### How to complete this task:
Report the lines of the data below that contain the string "Front".

START Source data

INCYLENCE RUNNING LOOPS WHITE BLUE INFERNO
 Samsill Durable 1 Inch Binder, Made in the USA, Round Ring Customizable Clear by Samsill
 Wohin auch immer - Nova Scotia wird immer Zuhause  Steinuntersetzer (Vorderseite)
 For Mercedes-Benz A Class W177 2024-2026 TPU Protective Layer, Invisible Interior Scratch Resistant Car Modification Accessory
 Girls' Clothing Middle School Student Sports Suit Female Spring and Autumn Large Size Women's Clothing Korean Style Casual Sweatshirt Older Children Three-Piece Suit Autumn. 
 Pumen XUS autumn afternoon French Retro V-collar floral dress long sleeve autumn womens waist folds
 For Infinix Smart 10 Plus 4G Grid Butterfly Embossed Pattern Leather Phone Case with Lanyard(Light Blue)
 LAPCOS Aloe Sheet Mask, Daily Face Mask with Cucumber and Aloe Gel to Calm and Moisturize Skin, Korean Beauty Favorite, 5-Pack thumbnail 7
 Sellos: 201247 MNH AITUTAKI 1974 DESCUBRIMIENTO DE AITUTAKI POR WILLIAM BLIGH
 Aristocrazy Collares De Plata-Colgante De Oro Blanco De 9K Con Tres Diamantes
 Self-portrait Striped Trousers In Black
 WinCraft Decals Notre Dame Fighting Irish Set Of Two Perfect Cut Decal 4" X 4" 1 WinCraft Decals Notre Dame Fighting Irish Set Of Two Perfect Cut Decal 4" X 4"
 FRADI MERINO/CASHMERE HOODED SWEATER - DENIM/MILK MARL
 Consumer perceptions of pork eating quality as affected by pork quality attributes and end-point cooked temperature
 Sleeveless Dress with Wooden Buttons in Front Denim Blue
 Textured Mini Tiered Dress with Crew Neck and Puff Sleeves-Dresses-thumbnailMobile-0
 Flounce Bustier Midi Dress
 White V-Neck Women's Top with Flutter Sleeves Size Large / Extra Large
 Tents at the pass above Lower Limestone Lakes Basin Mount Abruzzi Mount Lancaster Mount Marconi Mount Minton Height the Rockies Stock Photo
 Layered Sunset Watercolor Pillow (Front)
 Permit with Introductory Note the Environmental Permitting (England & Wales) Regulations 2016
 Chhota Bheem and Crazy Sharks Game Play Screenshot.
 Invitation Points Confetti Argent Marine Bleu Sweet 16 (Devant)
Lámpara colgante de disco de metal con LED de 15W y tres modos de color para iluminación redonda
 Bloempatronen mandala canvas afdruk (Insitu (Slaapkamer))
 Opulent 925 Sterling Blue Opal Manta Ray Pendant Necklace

END Source data

### Exercise solution:
 Sleeveless Dress with Wooden Buttons in Front Denim Blue
 Layered Sunset Watercolor Pillow (Front)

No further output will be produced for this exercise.